Pendant qu’on patine pour trouver les bons acteurs, Paul Dehn écrit une troisième version (toujours en décembre 63), qui, si elle n’est pas encore tout à fait définitive, propose déjà la presque totalité des répliques cinglantes qui ont entre autres contribué au succès du film. Maibaun peaufine un peu l’ensemble, trouvant encore le ton général trop léger et fantaisiste. Il enlève quelques gags, et remplace le chien mort que Bond porte sur la tête en début de film par un alligator ou un requin (idées qui seront reprises dans des films ultérieurs). Avant que l'animal final choisi ne devienne un cormoran. Début 64, accompagné de Cubby Broccoli, il rejoint Connery qui est en train de terminer Marnie avec Hitchcock, pour lui soumettre le scénario, pour lequel l’acteur apporte toute une série de suggestions, ce qui confirme sa plus grande implication dans le rôle. Il est d’accord avec le changement de ton que préconise Maibaum, préférant quelque chose de plus sérieux avec des pointes d‘ironies.
On le voit bien, la tentation d’aller vers quelque chose de plus parodique était déjà présent dès 64. La version définitive du script est donc bouclée en février, alors que quelques plans ont déjà été tournés aux Etats-Unis (même si le tournage principal débute en mars).
 
Entre-temps, Honor Blackman s’impose pour incarner Pussy Galore, répondant parfaitement aux indications du rôle. La troisième saison des Avengers (Chapeau melon et bottes de cuir en français dans le texte) prend fin peu de temps avant le début du tournage, et c’est une excellente façon de tourner la page pour elle, une apparition dans un Bond constituant un joli bon en avant pour sa carrière.
Broccoli, bluffé par la performance de Gert Fröbe dans ça s’est passé en plein jour (1958) dans lequel il interprète un pédophile, veut absolument recruter cet acteur qui peut passer d’amusant à inquiétant en une seconde. Broccoli s’est renseigné auprès de l’agent de l’acteur allemand, qui l’a rassuré : Gert parle bien entendu parfaitement anglais.
 
Juste avant le début officiel du véritable tournage, l’équipe de production passe quelque temps aux États-Unis, pour capturer un maximum de détails extérieurs typiquement américains (c’est ainsi que le KFC qui apparait derrière Felix Leiter n’a rien d’un placement de produits, mais est simplement le fruit d’une volonté de faire couleur locale), avant de tourner tous les plans de l’hôtel Fontainebleau qui sert de décors à la première rencontre entre Bond et Goldfinger.
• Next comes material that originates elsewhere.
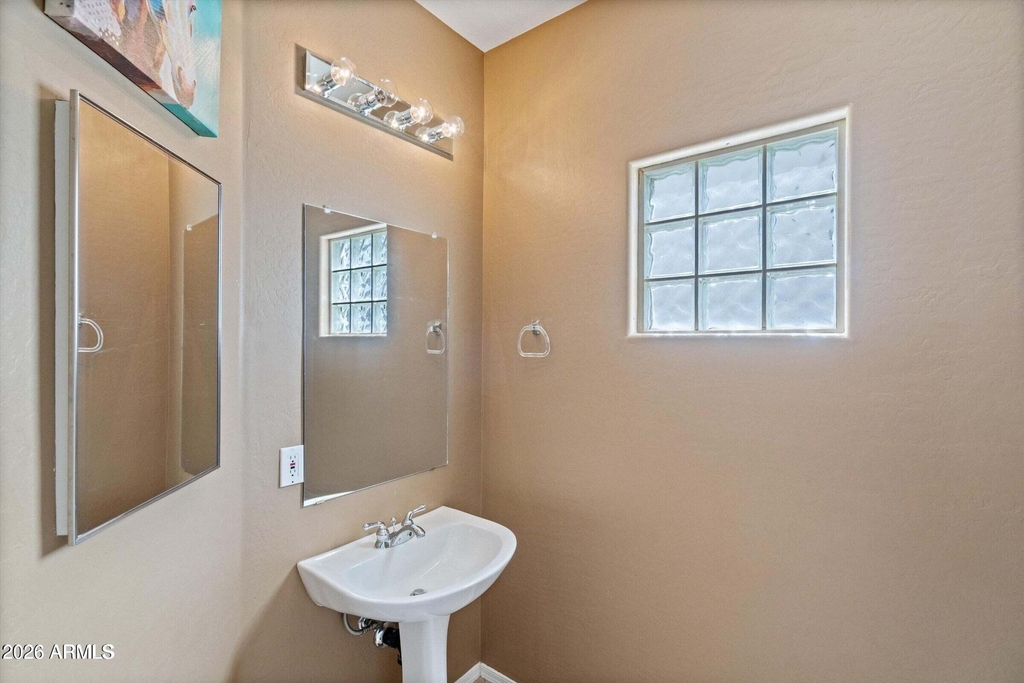 9750 N Monterey Drive - Photo 7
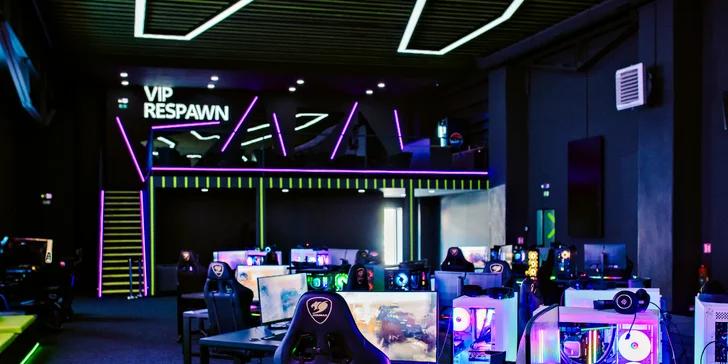Užijte si 3, 5 nebo 7 hodin hraní či narozeninovou oslavu v gaming aréně, vč. pizzy a nápoje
Détail amusant : pour obtenir quelques plans de la piscine sans la cohorte de retraités qui garnissent traditionnellement l’endroit, la production annonce un tournage à 17h, et profitent de l’heure précédente, où toutes ces dames sont parties se pomponner, pour agrémenter le plan d’eau de jeunes gens préalablement sélectionnés, et tourner rapidement.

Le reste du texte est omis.